FPRI BMB Ukraine: Lawmakers’ promises, one year later
Ukraine's Servant of the People Party kept the most campaign promises but only fulfilled about 15%. Almost all the other parties fulfilled one promise at most. / wiki
By FPRI BMB Ukraine September 10, 2020

During last summer’s parliamentary elections VoxUkraine’s analysts collected the promises made by party leaders. One year later, they’re back to see which political parties have actually delivered.

“It’s clear the parties had different abilities to keep their promises.

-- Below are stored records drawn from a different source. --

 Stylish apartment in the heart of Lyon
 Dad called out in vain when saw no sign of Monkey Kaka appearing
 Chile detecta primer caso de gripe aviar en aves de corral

While Servant of the People, thanks to its mono-majority in Parliament, could introduce the most legislative initiatives and vote without external help, other parties could only join important votes or publicly boycott initiatives that contradicted their promises,” note analysts Oleksandra Panasytska and Anastasia Ivantsova.

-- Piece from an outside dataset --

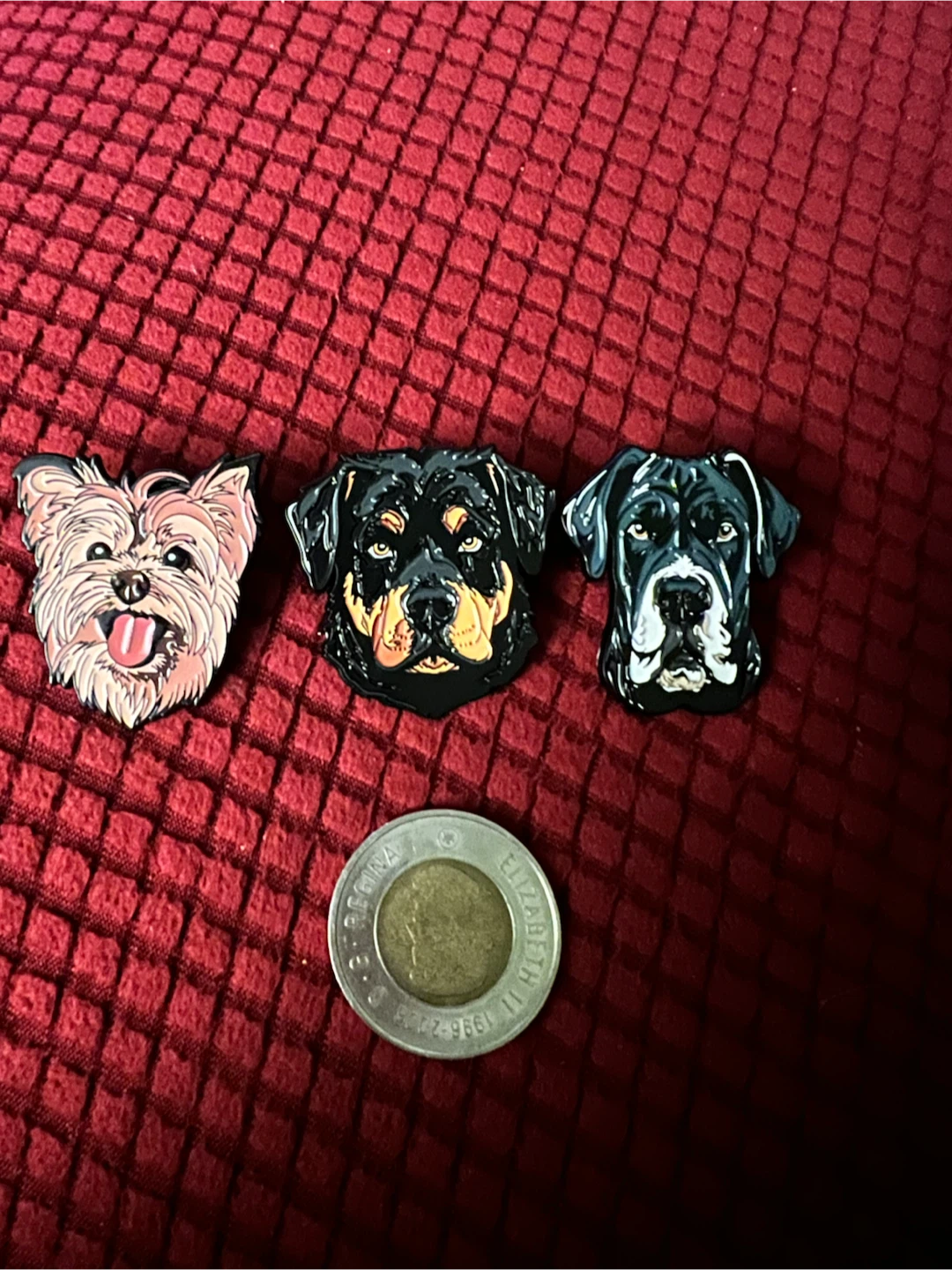 Dog Breed Pins (Yorkie, Rottweiler, Cane Corso)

As such, compared to the other parties in the Verkhovna Rada, the president’s Servant of the People Party managed to fulfil the largest share of the promises it made during last year’s campaign. That said, "deputies from the Zelenskiy faction realised an average of 10-15% of what was promised.” As Panasytska and Ivantsova underscore, the party stayed in “turbo mode” for the first six months, but not a single campaign promise has been fulfilled since the start of this year.

Looking at the 29 deputies from former president Petro Poroshenko’s European Solidarity Party offers a stark comparison as it turns out, it’s “the only parliamentary faction that has yet to fulfil any of its campaign promises. The fact is that most of [its] promises concerned continuing reforms and decentralisation, which is more the task of the government than the parliament. And the party has no representatives in the Cabinet,” Panasytska and Ivantsova explain.

At the same time, European Solidarity has worked hard to counter pro-Russian initiatives, which takes us to the 44 lawmakers from the Opposition Platform – For Life, who have only fulfilled one promise: supporting the law on changes to the parliament’s composition and the electoral system.

Yulia Tymoshenko’s Batkivshchyna party (with 24 lawmakers in Parliament) has only fulfilled one promise as well; keeping Ukraine’s gas transportation system under state ownership, which means the 19 lawmakers from the Holos Party have fulfilled the second highest number of campaign promises, by throwing their support behind six key parliamentary initiatives including the confiscation of corrupt assets from civil servants and the return of criminal liability for illegal enrichment, among others.